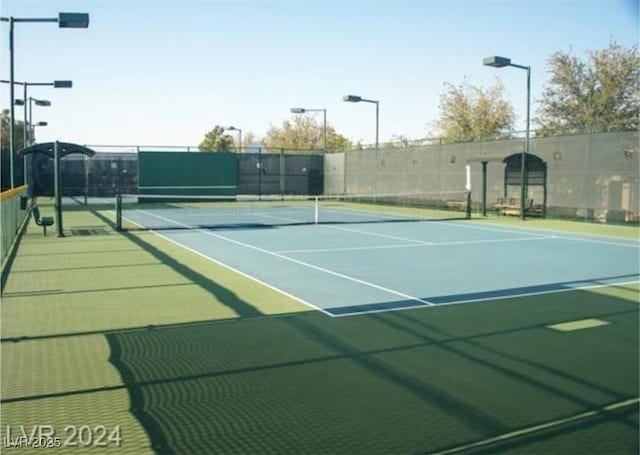 view of sport court featuring community basketball court and fence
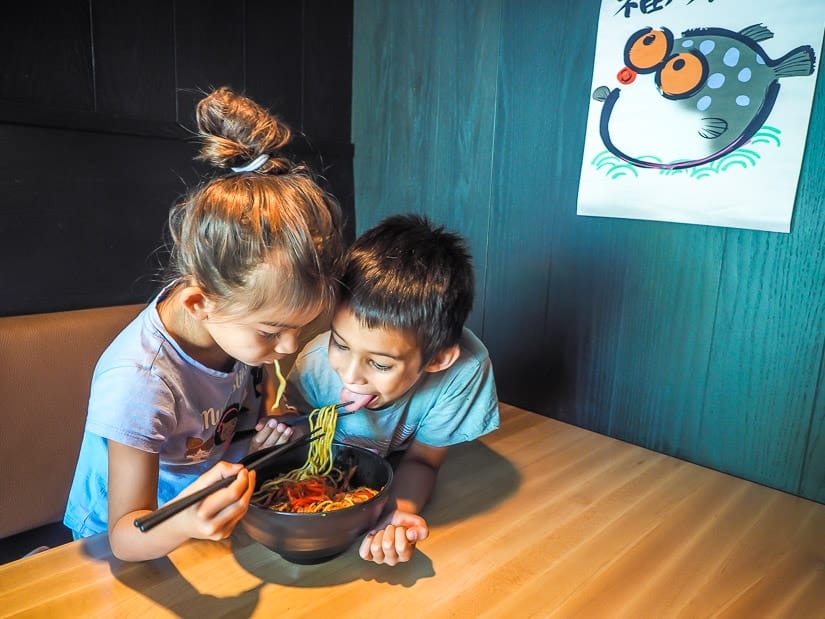 Two kids eating noodles in a kid-friendly Japanese restaurant in Banff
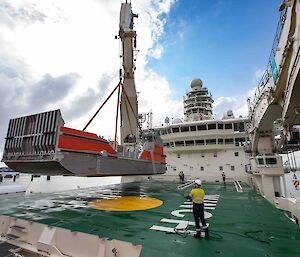 A barge being craned onto the bow of the ship with one of its 50 tonne cranes.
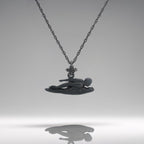 Freestyle swimming necklace crafted in oxidized black 925 sterling silver — a bold and dynamic pendant honoring speed, strength, and aquatic motion.

This handcrafted piece captures a male swimmer mid-stroke in a freestyle pose, with sleek lines that evoke precision and control in the water. The matte black finish adds modern edge and intensity, making it a meaningful piece for professional swimmers, fans of water sports, or anyone who lives with power and purpose.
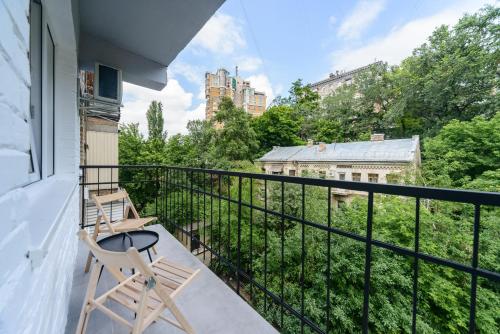 a chair sitting on a balcony with a view at Partner Guest House in Kyiv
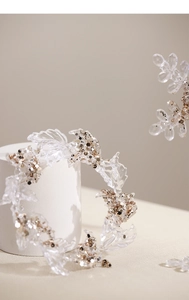 Detail of transparent acrylic Christmas ornaments with gold and silver glitter flakes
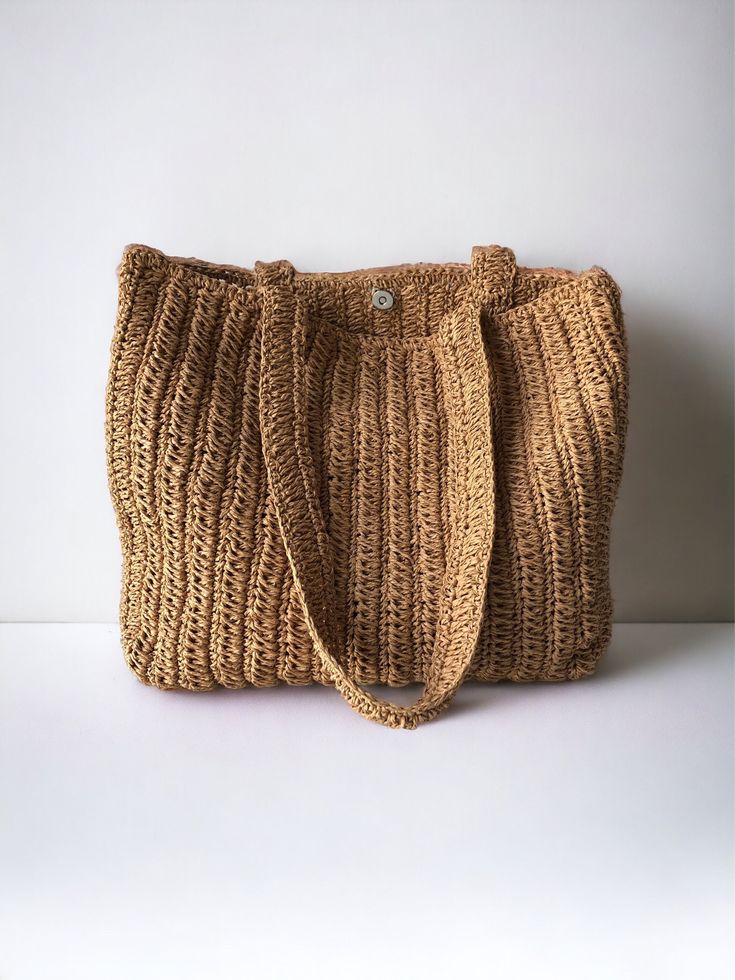 a brown knitted bag sitting on top of a white table next to a wall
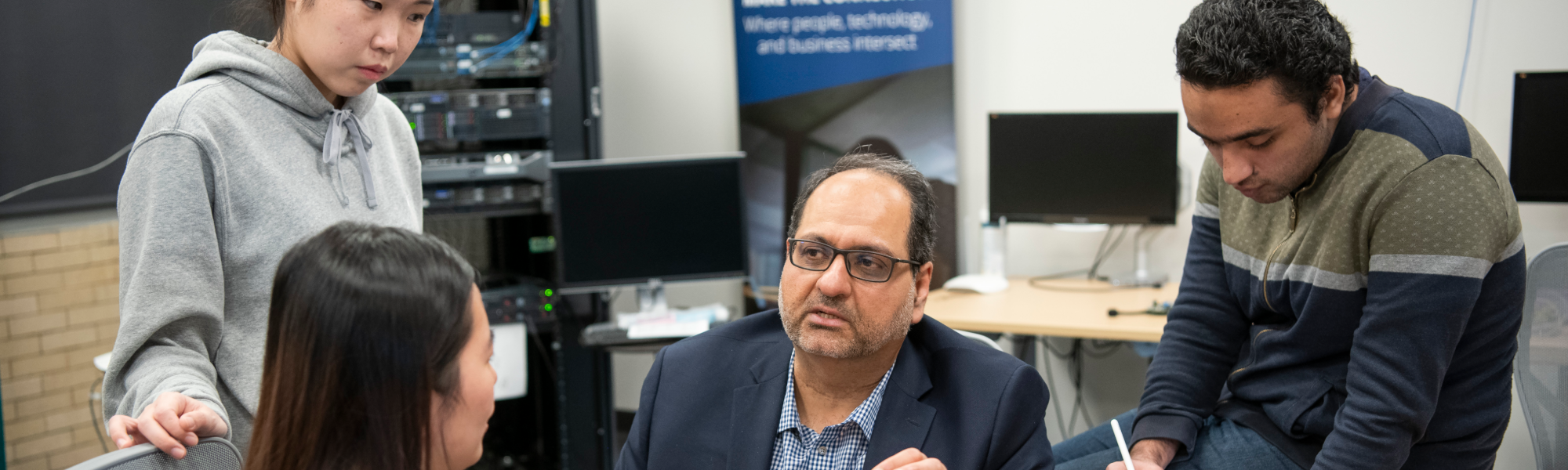 A group of people are in a tech-focused office setting, engaging in discussion.
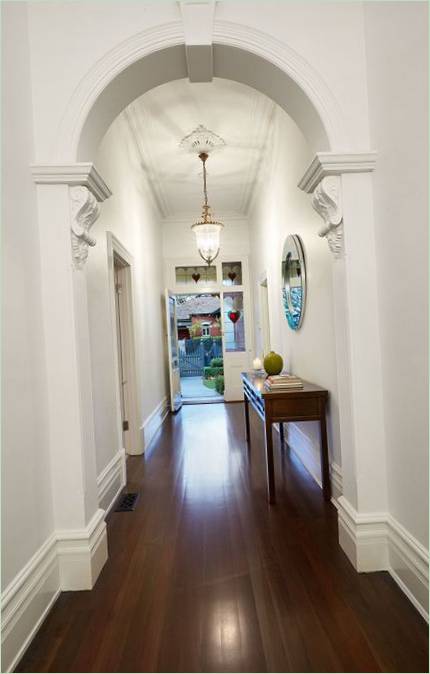 An archway in a hallway with high ceilings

::::::::

### EXERCISE GOAL
Retype the entries above exactly. Stop after the line containing "A barge being", and omit the pictures.

### ANSWER
 view of sport court featuring community basketball court and fence
 Two kids eating noodles in a kid-friendly Japanese restaurant in Banff
 A barge being craned onto the bow of the ship with one of its 50 tonne cranes.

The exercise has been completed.